The first thing you should do is check the fluids. If the person who put your car on blocks was smart, they drained the fluids before letting it sit in order to avoid settling or corrosion, or they turned the engine over and ran it at least once a month in order to ensure everything was still in good working order. Oh, if only everyone knew how to maintain a non-op properly. In truth, even if your car has been well cared-for, there could be some issues. But if there are fluids in it, you’ll probably want to drain them and replace them. And if there are no fluids, you’ll obviously want to add some. Trying to start an engine that is virtually dry is a great way to make it seize and do some serious damage.
Of course, giving the car a good once over is also a must.
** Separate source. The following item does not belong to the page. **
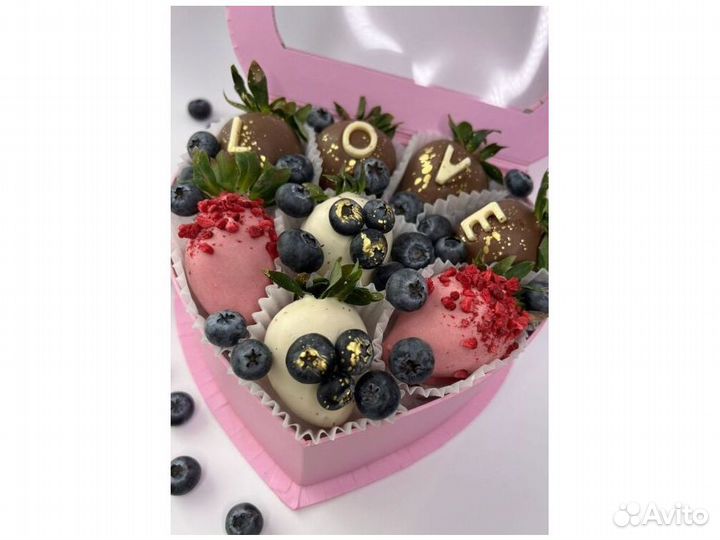 Цветы с клубникой в бельгийском шоколаде KL-2984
You’ll need to check spark plugs to make sure they’re clean of debris, inspect all the hoses to ensure that they aren’t cracked, check the lines to see if they’re intact (just in case some pests have gotten into the engine compartment or undercarriage and chewed up the electrical), and make sure the battery has a charge and that the terminals aren’t suffering from massive corrosion, just for example. These are just the basics, of course. There could be all kinds of problems with an engine that’s been sitting for a while. And even if you get it running, you’ll want to check the front and rear lights, measure the air pressure in the tires, and do a thorough brake inspection before you roll it out of the garage.
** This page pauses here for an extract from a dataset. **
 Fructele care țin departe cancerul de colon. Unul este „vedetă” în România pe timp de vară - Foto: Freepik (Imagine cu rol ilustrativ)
From there your first stop should be the shop of a trusted mechanic (you’ll get there even sooner if the car won’t start). Whether it’s running or not, though, you might want to think about having it towed to the shop if there are any doubts about its relative road-worthiness. Better safe than sorry. When you’ve left your Ford sitting in the garage for a while, you’ve purchased a used Audi, or you’ve bought the vintage Jag you always dreamed of, you may have some trouble getting it up and running. But by doing a basic tune-up at home or taking it to your mechanic for a thorough inspection (or both) you should have your car in ship shape and ready to be registered as operational again in no time.